Maybe I am a bit late to get on the Composer bandwagon, but a colleague was adamant about it and convinced me to use Composer in our projects. The benefit of using Composer with your PHP applications is that it will download any library dependencies for you, and take care of the autoloading of classes. So I enabled Composer in my Zend Framework 1 Extension library, with a Zend Framework 1.* dependency.

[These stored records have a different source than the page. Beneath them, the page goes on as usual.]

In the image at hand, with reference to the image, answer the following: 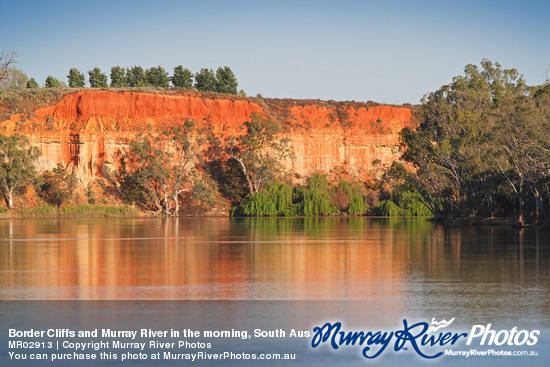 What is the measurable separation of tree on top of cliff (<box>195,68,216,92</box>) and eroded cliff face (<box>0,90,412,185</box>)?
59.9ft

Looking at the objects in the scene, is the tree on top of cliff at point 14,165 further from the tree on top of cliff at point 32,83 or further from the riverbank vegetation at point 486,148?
the tree on top of cliff at point 32,83

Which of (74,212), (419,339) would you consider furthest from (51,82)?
(419,339)

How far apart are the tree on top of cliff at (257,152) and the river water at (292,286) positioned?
50676mm

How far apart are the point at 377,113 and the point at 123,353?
86725mm

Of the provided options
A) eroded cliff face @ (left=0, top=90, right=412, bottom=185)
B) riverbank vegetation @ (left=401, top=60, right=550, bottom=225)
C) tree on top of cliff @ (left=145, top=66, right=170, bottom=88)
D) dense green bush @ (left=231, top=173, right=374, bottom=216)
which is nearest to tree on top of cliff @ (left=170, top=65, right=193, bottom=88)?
tree on top of cliff @ (left=145, top=66, right=170, bottom=88)

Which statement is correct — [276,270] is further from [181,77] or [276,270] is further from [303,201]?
[181,77]

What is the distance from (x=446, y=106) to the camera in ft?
156

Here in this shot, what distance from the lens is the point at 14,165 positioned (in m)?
65.3

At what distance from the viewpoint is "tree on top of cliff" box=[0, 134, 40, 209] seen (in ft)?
214

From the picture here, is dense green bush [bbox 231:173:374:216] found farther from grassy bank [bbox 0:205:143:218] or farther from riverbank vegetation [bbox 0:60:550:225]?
grassy bank [bbox 0:205:143:218]

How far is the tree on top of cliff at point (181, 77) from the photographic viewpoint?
106 meters

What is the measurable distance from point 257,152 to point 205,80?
3254cm

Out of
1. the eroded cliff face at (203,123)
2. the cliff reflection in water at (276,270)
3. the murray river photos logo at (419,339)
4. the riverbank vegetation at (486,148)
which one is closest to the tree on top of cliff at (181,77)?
the eroded cliff face at (203,123)

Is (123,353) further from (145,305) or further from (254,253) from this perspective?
(254,253) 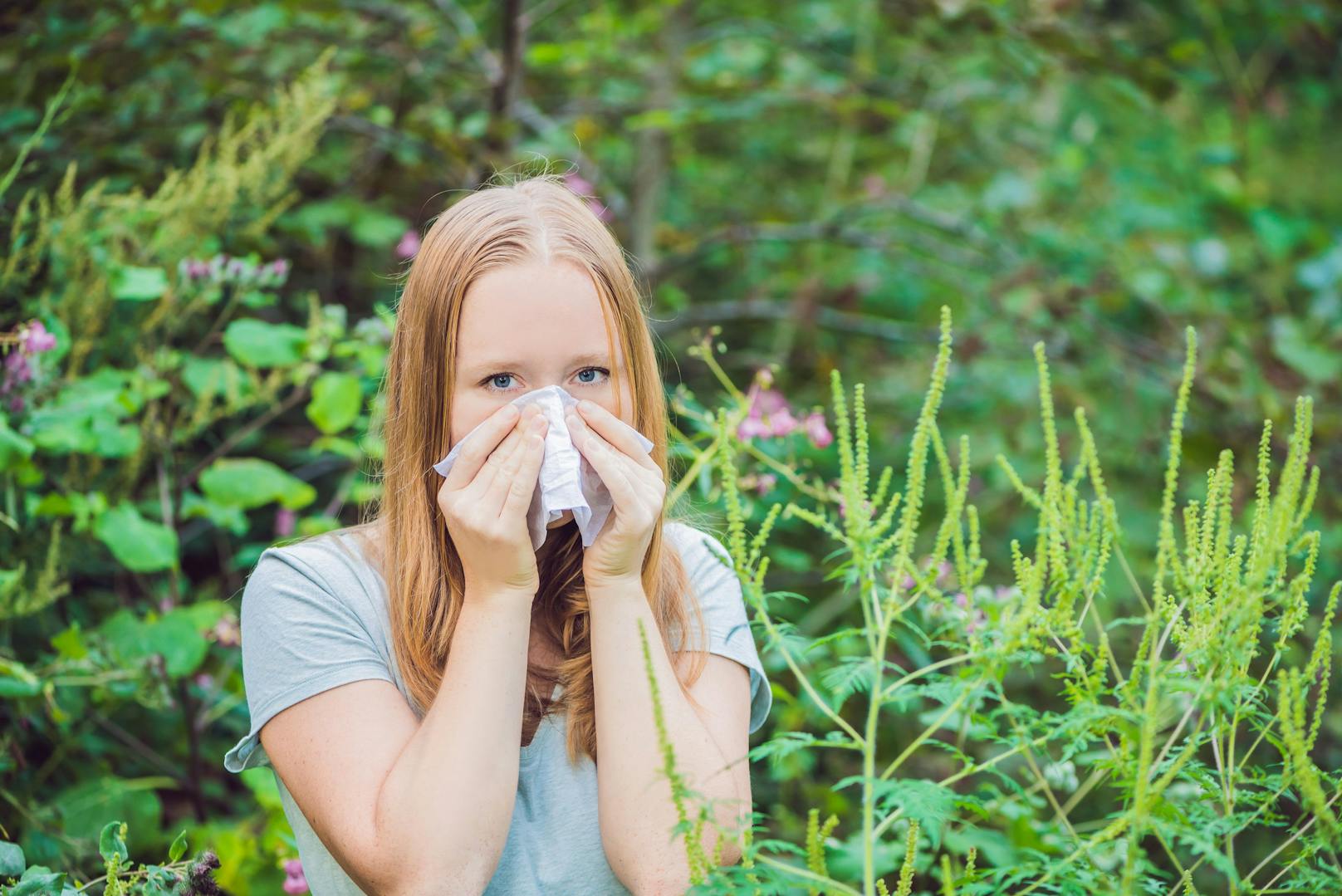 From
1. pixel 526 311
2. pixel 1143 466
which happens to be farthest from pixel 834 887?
pixel 1143 466

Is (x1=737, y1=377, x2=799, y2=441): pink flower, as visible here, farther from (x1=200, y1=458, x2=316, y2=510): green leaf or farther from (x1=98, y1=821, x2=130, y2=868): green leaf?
(x1=98, y1=821, x2=130, y2=868): green leaf

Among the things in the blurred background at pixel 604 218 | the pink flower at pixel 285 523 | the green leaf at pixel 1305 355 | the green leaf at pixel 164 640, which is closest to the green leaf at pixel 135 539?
the blurred background at pixel 604 218

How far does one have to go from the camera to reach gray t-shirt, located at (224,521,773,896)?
4.60 ft

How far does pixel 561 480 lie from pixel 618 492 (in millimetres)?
73

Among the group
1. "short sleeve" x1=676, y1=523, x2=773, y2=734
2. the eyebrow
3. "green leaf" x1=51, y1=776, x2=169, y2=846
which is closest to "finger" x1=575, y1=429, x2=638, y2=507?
the eyebrow

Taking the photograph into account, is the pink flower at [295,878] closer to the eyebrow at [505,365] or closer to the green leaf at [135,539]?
the green leaf at [135,539]

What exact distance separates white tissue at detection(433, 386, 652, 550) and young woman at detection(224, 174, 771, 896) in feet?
0.07

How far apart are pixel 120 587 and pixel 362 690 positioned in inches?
58.4

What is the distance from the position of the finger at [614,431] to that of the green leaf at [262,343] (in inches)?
43.0

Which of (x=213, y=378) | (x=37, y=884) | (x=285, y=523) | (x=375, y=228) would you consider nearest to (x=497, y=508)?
(x=37, y=884)

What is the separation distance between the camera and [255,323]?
7.84 feet

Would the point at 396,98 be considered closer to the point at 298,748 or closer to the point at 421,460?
the point at 421,460

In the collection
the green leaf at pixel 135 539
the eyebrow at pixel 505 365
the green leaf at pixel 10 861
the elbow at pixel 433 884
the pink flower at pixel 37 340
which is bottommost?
the green leaf at pixel 135 539

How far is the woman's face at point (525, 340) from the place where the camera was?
1.45 metres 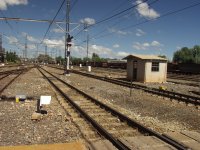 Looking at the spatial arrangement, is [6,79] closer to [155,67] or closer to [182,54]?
[155,67]

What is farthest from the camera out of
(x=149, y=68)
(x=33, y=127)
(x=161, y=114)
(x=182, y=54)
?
(x=182, y=54)

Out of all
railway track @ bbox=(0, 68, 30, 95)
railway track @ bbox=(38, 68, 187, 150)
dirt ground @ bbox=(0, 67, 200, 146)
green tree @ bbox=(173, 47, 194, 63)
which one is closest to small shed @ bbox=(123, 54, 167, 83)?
railway track @ bbox=(0, 68, 30, 95)

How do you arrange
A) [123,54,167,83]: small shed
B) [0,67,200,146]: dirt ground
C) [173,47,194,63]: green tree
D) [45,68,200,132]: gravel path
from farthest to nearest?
[173,47,194,63]: green tree
[123,54,167,83]: small shed
[45,68,200,132]: gravel path
[0,67,200,146]: dirt ground

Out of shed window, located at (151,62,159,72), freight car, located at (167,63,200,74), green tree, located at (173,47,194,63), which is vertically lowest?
freight car, located at (167,63,200,74)

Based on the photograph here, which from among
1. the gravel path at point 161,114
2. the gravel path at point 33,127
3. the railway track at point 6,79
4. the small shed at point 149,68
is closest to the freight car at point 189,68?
the small shed at point 149,68

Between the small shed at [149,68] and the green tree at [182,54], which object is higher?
the green tree at [182,54]

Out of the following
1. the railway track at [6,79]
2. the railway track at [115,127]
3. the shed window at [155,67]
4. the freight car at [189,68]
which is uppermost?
the shed window at [155,67]

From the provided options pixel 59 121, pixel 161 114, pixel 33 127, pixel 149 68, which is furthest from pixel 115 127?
pixel 149 68

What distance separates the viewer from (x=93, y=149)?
7.65 m

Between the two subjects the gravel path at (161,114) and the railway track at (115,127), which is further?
the gravel path at (161,114)

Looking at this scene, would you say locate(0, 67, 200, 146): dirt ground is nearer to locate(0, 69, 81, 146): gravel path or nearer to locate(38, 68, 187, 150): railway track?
locate(0, 69, 81, 146): gravel path

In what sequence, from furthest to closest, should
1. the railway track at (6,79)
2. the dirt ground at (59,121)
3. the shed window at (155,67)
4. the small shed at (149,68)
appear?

Read on how to get the libraries using Composer!
Get Composer
If you don’t have Composer yet, then get it with the following command:
curl -sS https://getcomposer.org/installer | sudo php -- --install-dir=/usr/local/bin --filename=composer |
This tells the installer to put it in /usr/local/bin/composer
so that it is directly available in your shell.
Installation
So let’s get started and create a new ZF1E project using Composer! Because I don’t have a stable version of ZF1E out yet, you’ll need to have a composer.json
file that has the following content:
{ "minimum-stability": "dev", "prefer-stable": true } |
With this composer.json
file in place, all you need to do is run the following:
composer require wthielen/zf1e |
This will fetch the ZF1E library and its dependency – Zend Framework 1 of course – from packagist.org. You’ll see a new vendor
directory, which is where Composer puts the libraries in.
Preparation
Now all we need is a default Zend project directory structure, which we can get by creating a project:
./vendor/zendframework/zendframework1/bin/zf.sh create project . |
It will complain about unknown PHPUnit classes, but that is okay. At least you’ll have an application
directory and a public
directory as your document root.
Since we are using Composer, we want to use its autoloader instead of Zend’s built-in autoloader. To change this, tell the application to include vendor/autoload.php
in the public/index.php
file, by changing the following lines:
/** Zend_Application */ require_once 'Zend/Application.php'; |
into:
/* The Composer autoloader */ require_once '../vendor/autoload.php'; |
This is all to get your Composer-based Zend Framework application running!